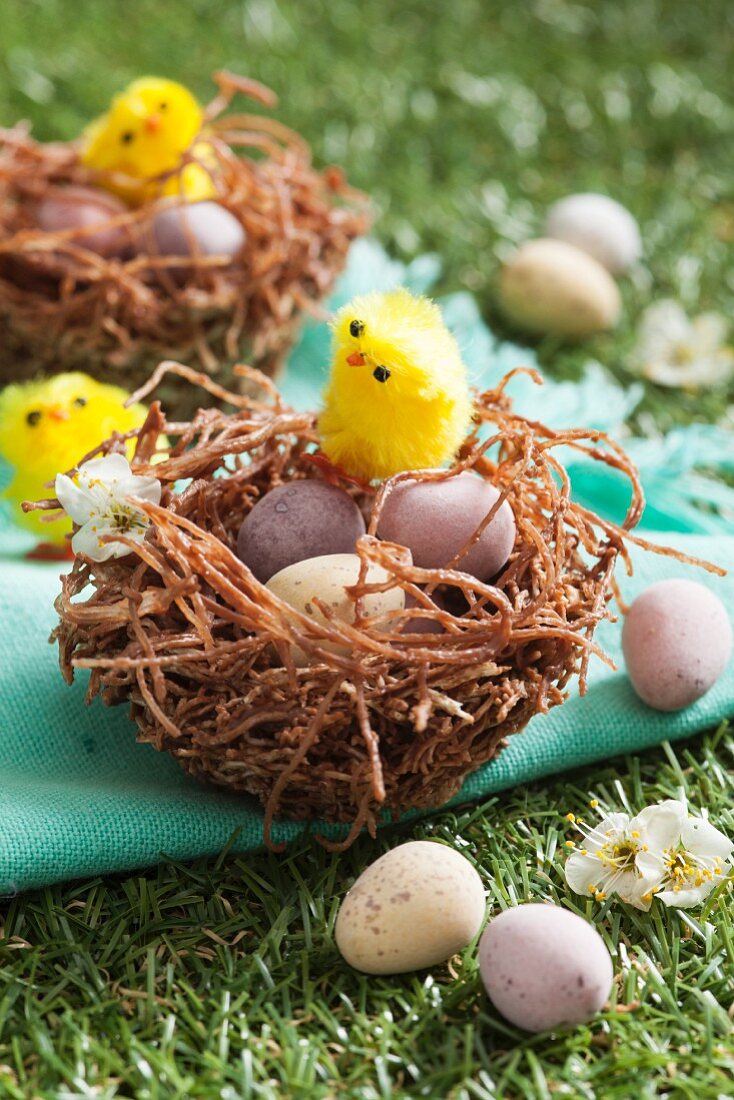 Osternest mit Schokoladeneiern und Osterküken auf Wiese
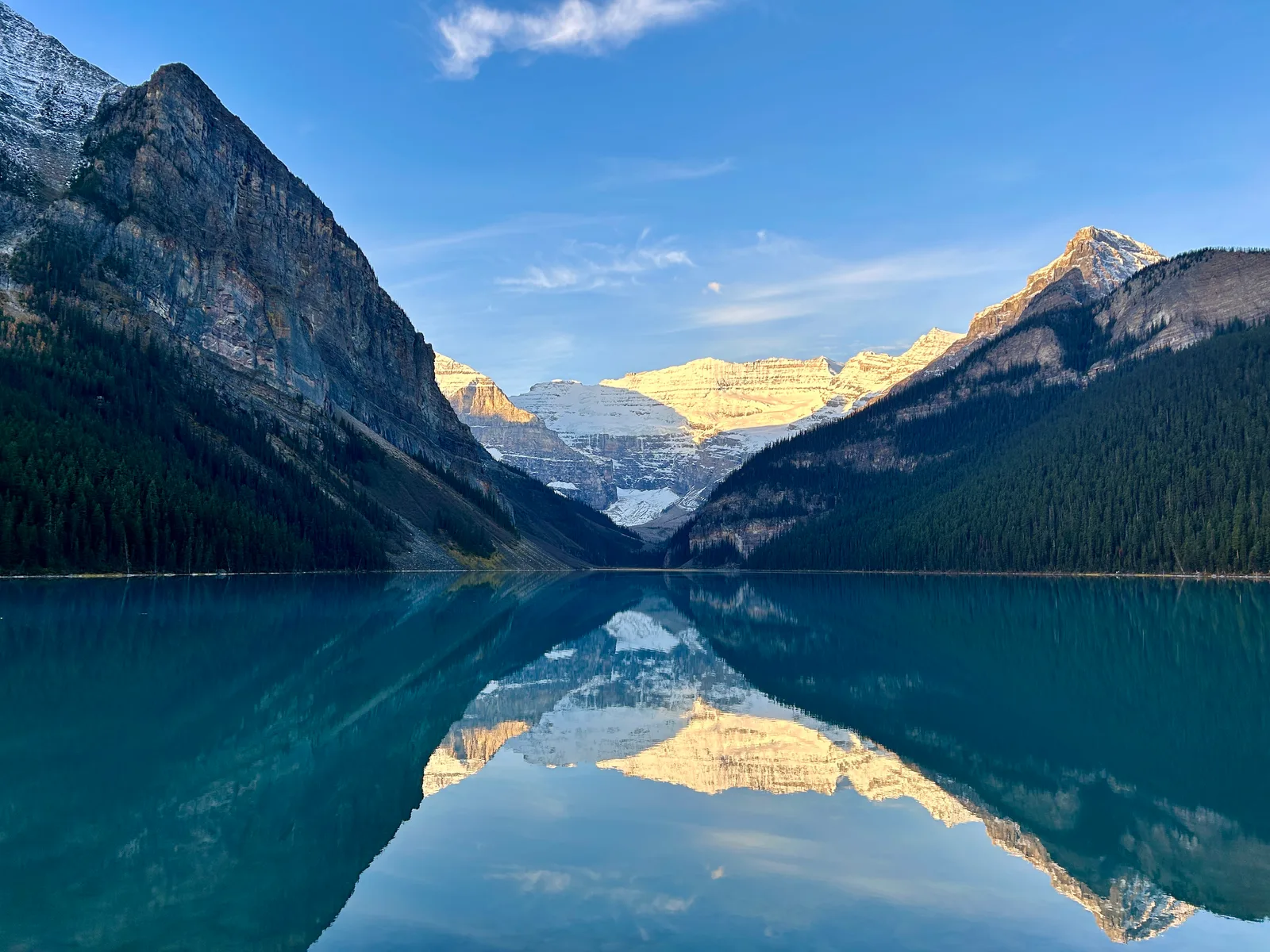 Lake Louise at sunrise with no other visitors on the shore, turquoise water perfectly still, snow-capped peaks and their reflection filling the frame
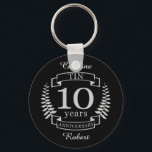 Porte-clés Ivory Traditional wedding anniversary 10 years<br><div class="desc">A design to celebrate 10 years of marriage. This design has a Grey / silver (the traditional color for this anniversary) colored laurel design on a black background. Tin is the traditional gift for this occasion. The text reads Tin 10 years anniversary. A romantic design to celebrate your 10th year...</div>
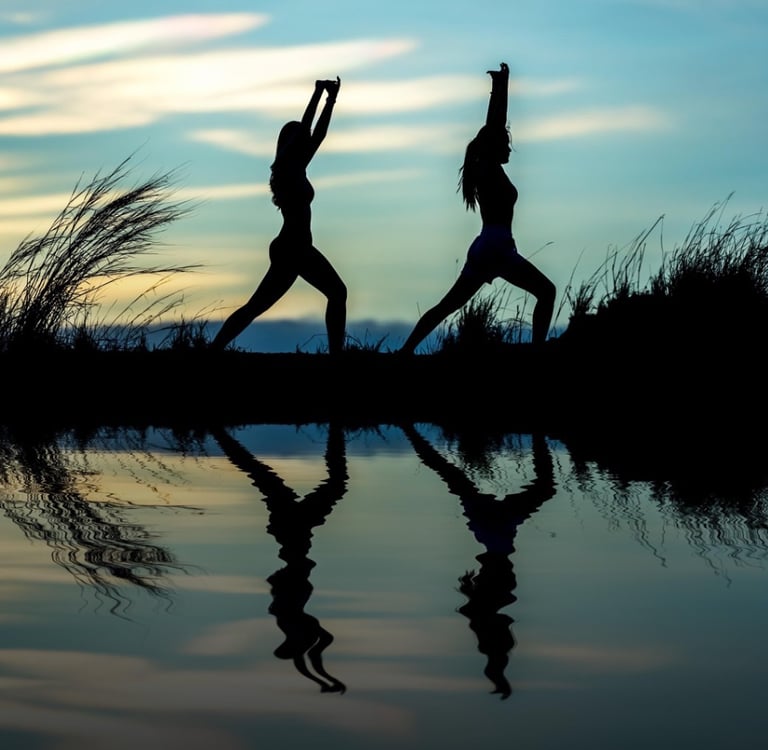 two people doing yoga poses in the evening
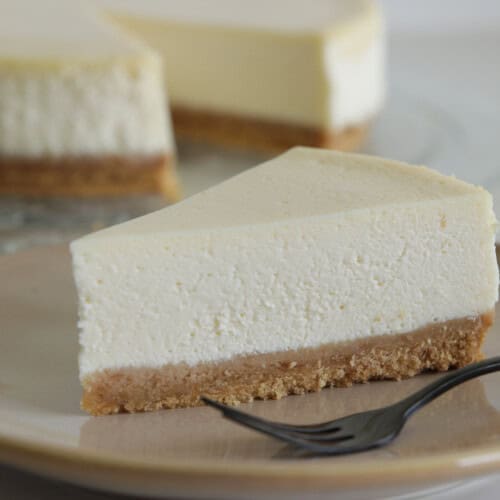 A slice of classic cheesecake with a thick, creamy layer sits on a beige plate next to a fork. The cheesecake has a golden brown crust and another slice is visible in the background.
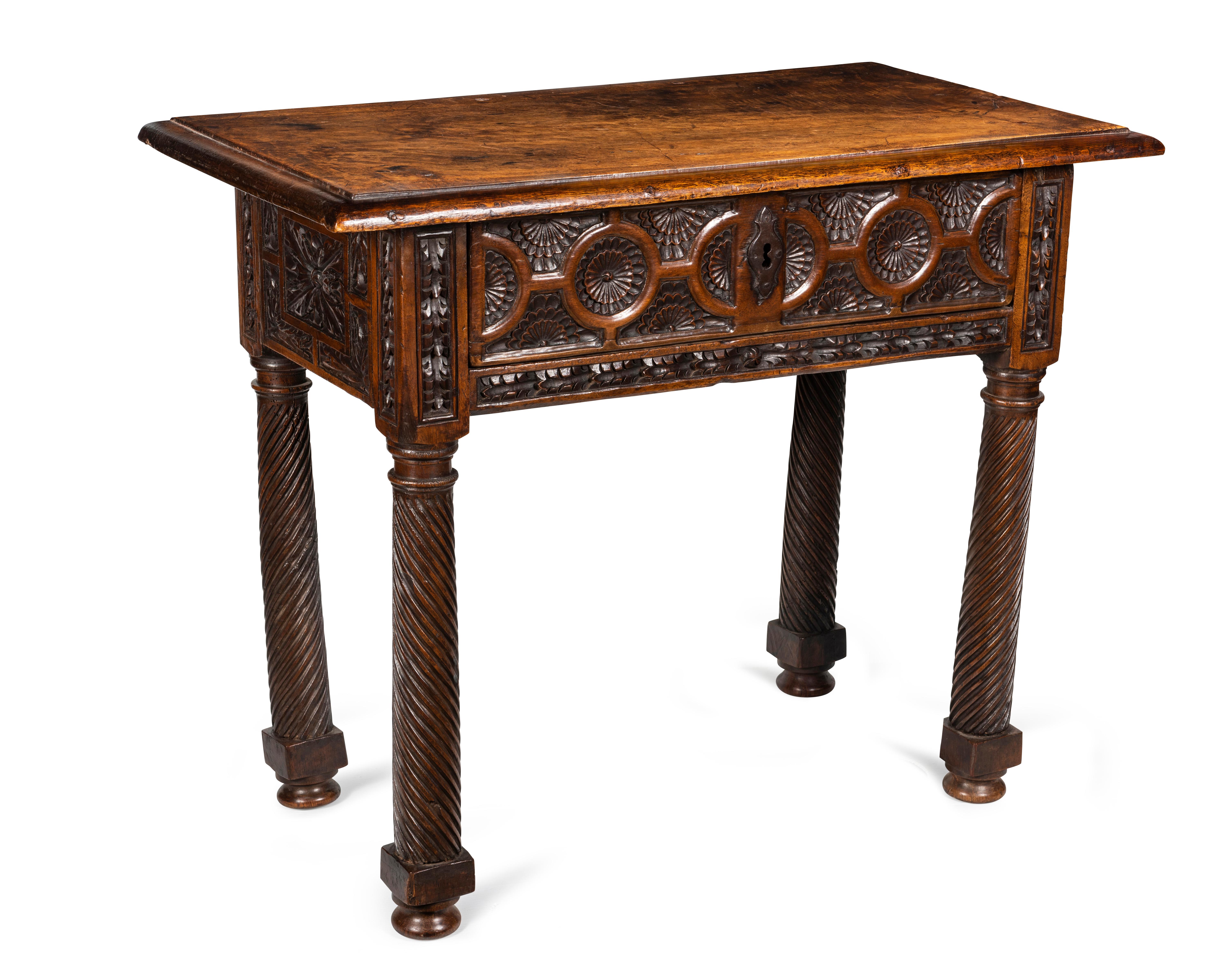 The single plank top with ovolo moulded edge over recessed single drawer with carved stylised rosettes and rings, centred with iron cartouche shaped escutcheon and flanked by leaf carved standards, continuing to side frieze carved with leaf and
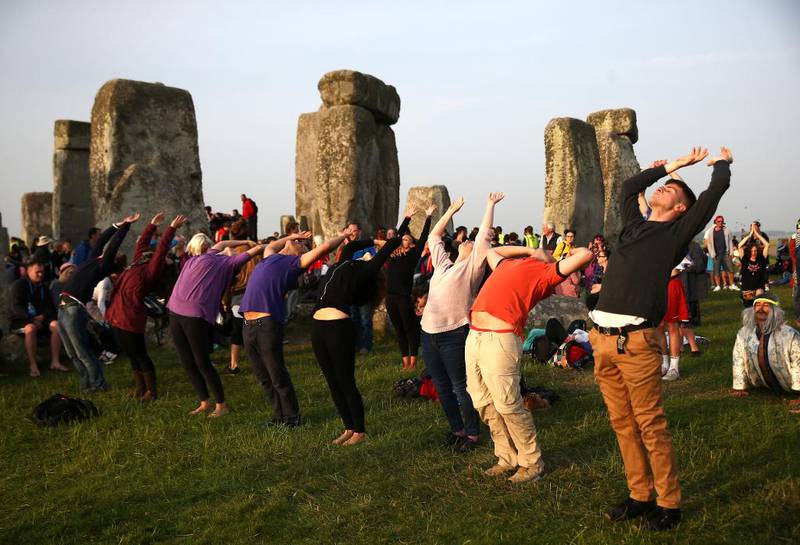 Bildet viser en rekke mennesker. De strekker armene i været og bøyer seg bakover. Bak dem står steinsøylene som utgjør monumentet Stonehenge.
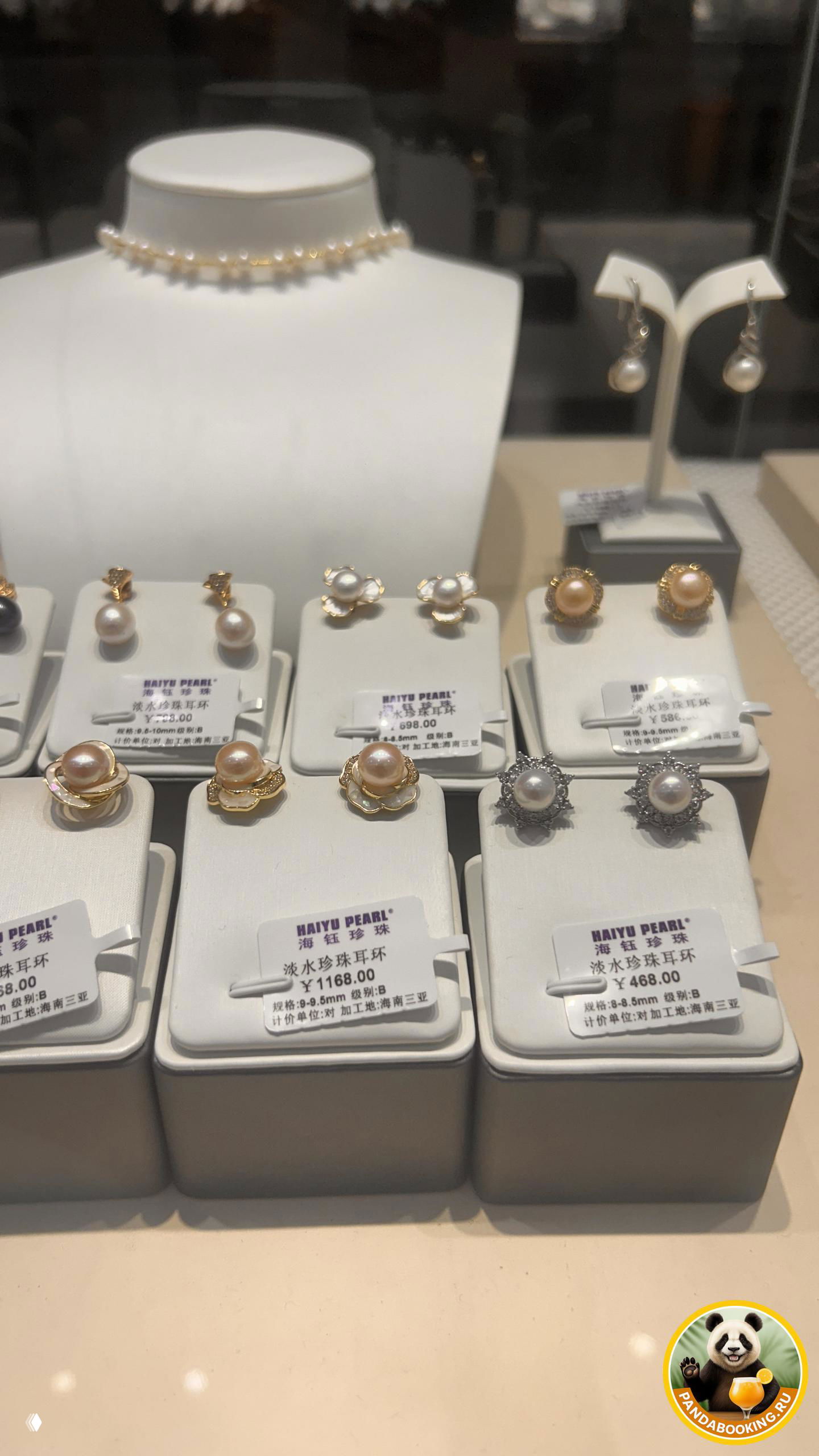 Крупный ракурс витрины с ближним планом пар жемчужных серёжек в подарочных подставках, отражение стекла и логотипа PandaBooking в углу снимка.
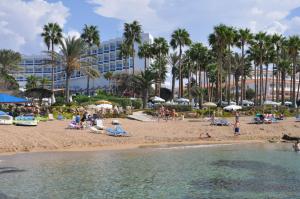 pessoas na praia em um resort com palmeiras em Leonardo Cypria Bay em Pafos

★ ★ ★ ★ ★ ★ ★

> [Problem statement]: Each line from the one containing "A slice of classic" to the final line of the data must be printed exactly, both included, with nothing else and no pictures.

> [Exercise output]:
 A slice of classic cheesecake with a thick, creamy layer sits on a beige plate next to a fork. The cheesecake has a golden brown crust and another slice is visible in the background.
 The single plank top with ovolo moulded edge over recessed single drawer with carved stylised rosettes and rings, centred with iron cartouche shaped escutcheon and flanked by leaf carved standards, continuing to side frieze carved with leaf and
 Bildet viser en rekke mennesker. De strekker armene i været og bøyer seg bakover. Bak dem står steinsøylene som utgjør monumentet Stonehenge.
 Крупный ракурс витрины с ближним планом пар жемчужных серёжек в подарочных подставках, отражение стекла и логотипа PandaBooking в углу снимка.
 pessoas na praia em um resort com palmeiras em Leonardo Cypria Bay em Pafos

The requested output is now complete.